===== Information supplied =====

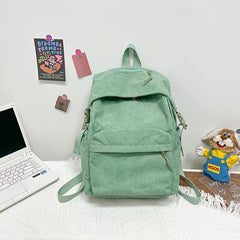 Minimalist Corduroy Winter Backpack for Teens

=====
===== Information supplied =====

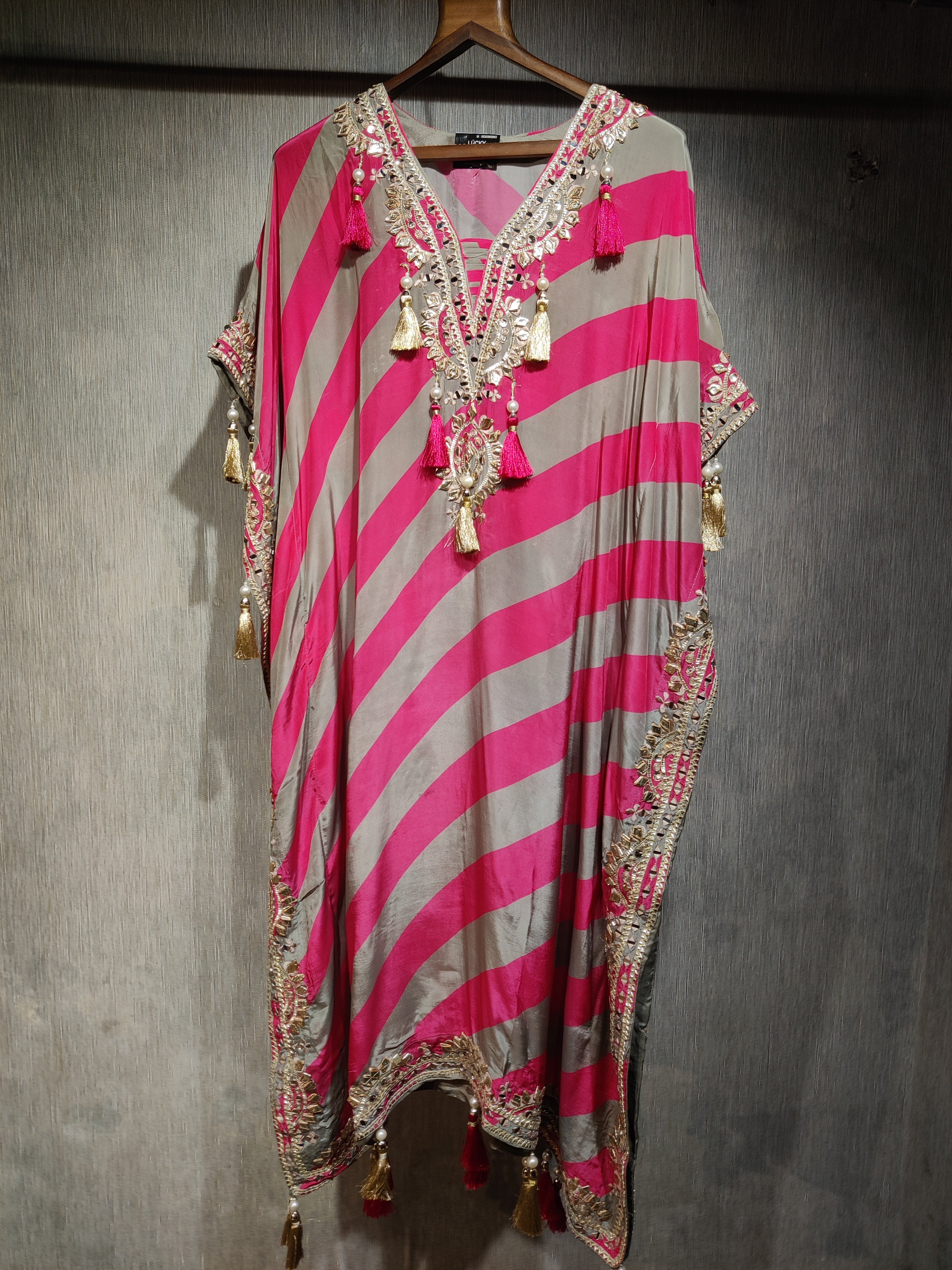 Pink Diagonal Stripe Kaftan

=====
===== Information supplied =====

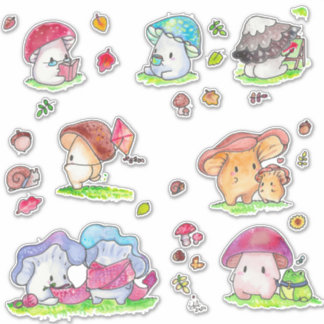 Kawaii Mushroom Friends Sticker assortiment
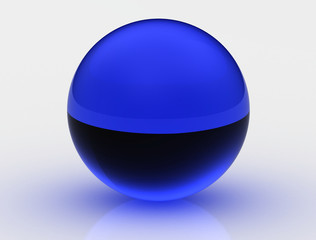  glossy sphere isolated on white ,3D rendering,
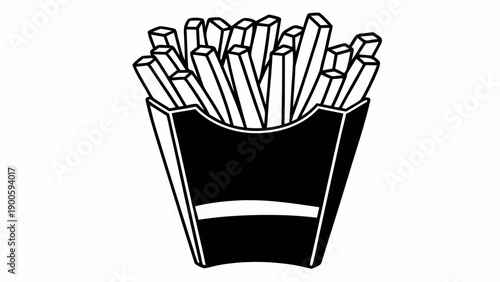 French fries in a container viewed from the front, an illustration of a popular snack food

=====

Your task
Both the line containing "glossy sphere isolated" and the line containing "French fries in" above belong in the output, as do the lines between them. Print them exactly, without pictures.

The completed task
  glossy sphere isolated on white ,3D rendering,
 French fries in a container viewed from the front, an illustration of a popular snack food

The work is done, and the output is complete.